Opportunity research
Contents |
Abstract
In the business world finding an opportunity at the right time might be the key to success. In the project management, an opportunity is an unexpected situation that will improve the quality of the project or the revenue, therefore, it is a key activity in the management level to be proactive and look constantly for opportunities. Opportunities might come from different ways and it is a manager's task to allocate and distribute resources into new targets [1].
For this case, an opportunity is considered a positive outcome of a project, program or portfolio development considering its uniqueness and attractiveness to customers. The overall of the opportunity is that it brings more value to the project by improving it. In the business world, an opportunity means something that helps you to "stand out from the crowd"[2]. In the project management sector, the idea is the same but usually there is no crowd. It is how to improve a project so it gives either better results or more profit.

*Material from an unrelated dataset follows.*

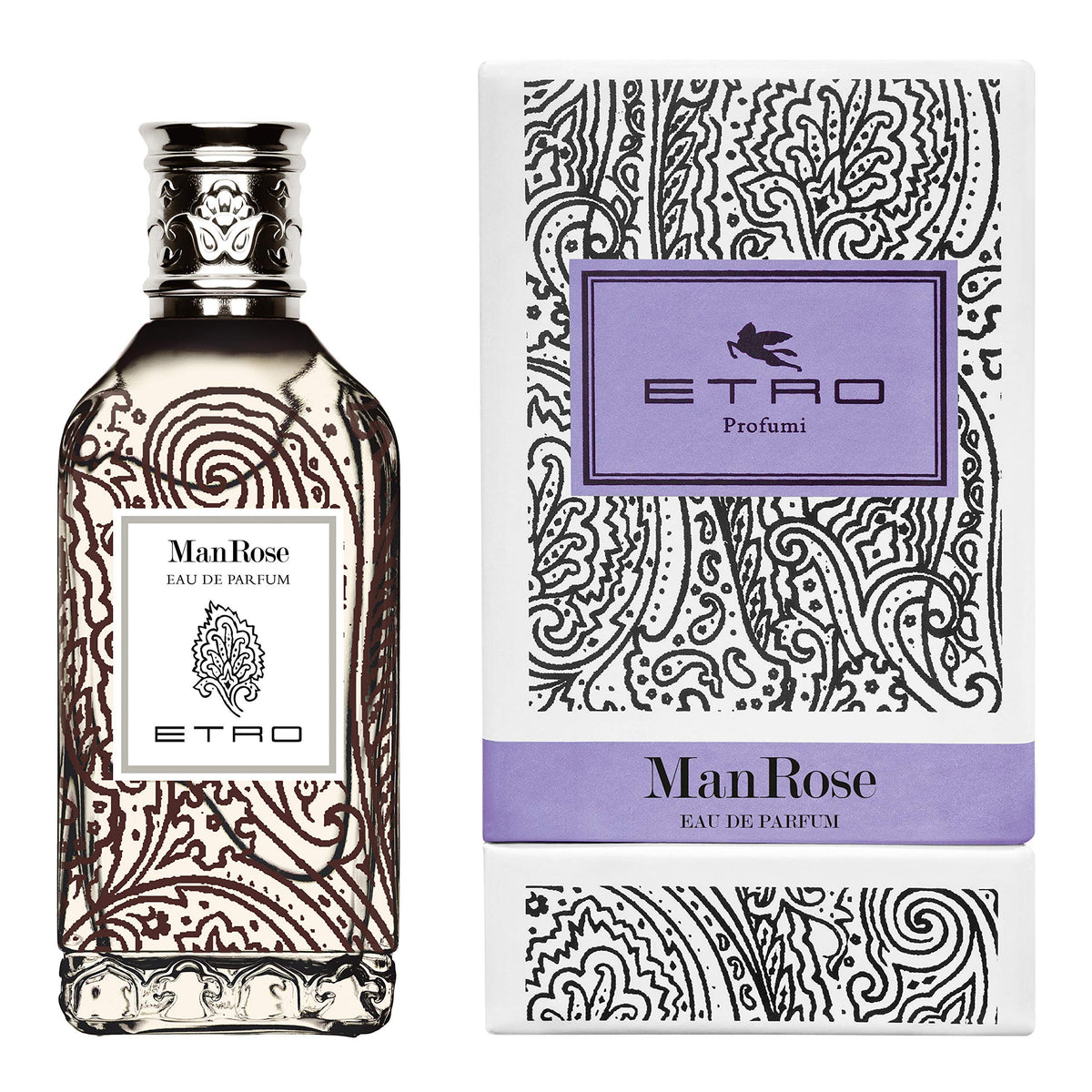 Etro Manrose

This article is about the methodology of finding opportunities within the engineering/energy market. Project opportunities management is a set of techniques and tools to help a risk manager to identify and understand possible improvements to the project objectives [3]. In following sections it will be explained how to asses different situations keeping in mind the opportunity research. Once identified the possible opportunities, how to estimate the profit and how to address resources to overtake competitors. Finally, it will be explained how opportunities can be converted into strengths.
Opportunities as Risks
Both opportunities and risks are included in the term uncertainties[4]. The term uncertainty is defined as: "an unintelligible expression without a straightforward description" [5]. In the project management sector, this means that a situation might affect either in a positive or negative way. Generally, uncertainty has negative connotation due to the fact that contractors, project managers and authorities want always that everything is clear and to control all the factors that might affect a project. Several authors claim that opportunities should be dealt same way as risks with the same processes[6], thus, it is suggested than an opportunity is a positive risk.

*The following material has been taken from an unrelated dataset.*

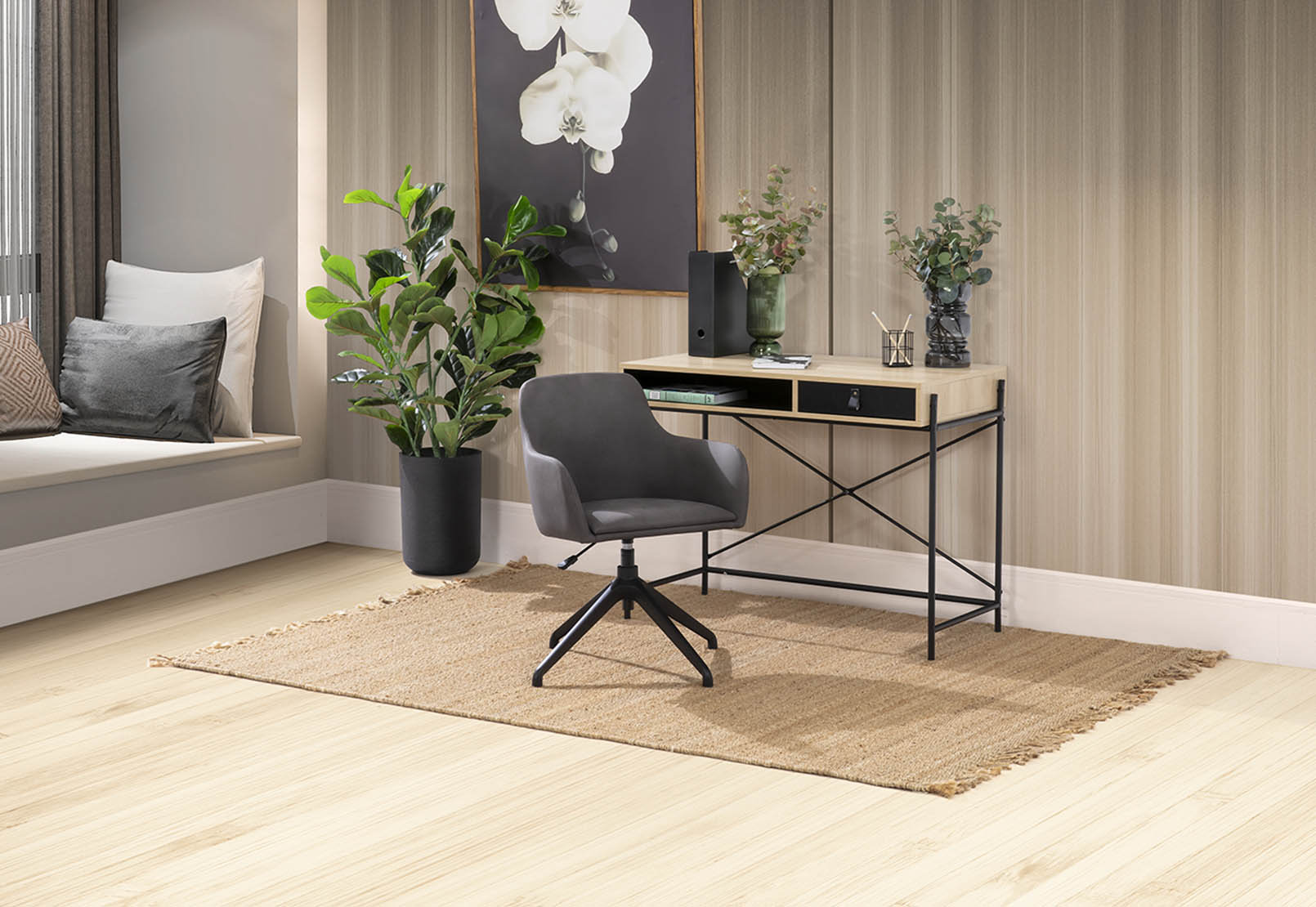 FLINT Desk – image 11 of 11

Following the action and reaction principle, an opportunity produces a threat and a threat produces an opportunity. The aim of the risk managers is to find the opportunity in a risk. In recent studies[7], it is shown that most risk managers focus much more their efforts in identifying and mitigating risks rather than in finding opportunities. That is the reason why opportunities are left often un-exploited, not because they were dismissed, but because no one saw them on time. This issue gets bigger in large projects, when, even identifying the opportunity, the difficulty that generates convince the stakeholders, change the project, change contracts makes unworthy.
Types of Opportunities
According to different authors [8], opportunities can be classified according to for whom they are and in which level they are. That is the reason why what can be an opportunity for some group of people, it might be a threat for another.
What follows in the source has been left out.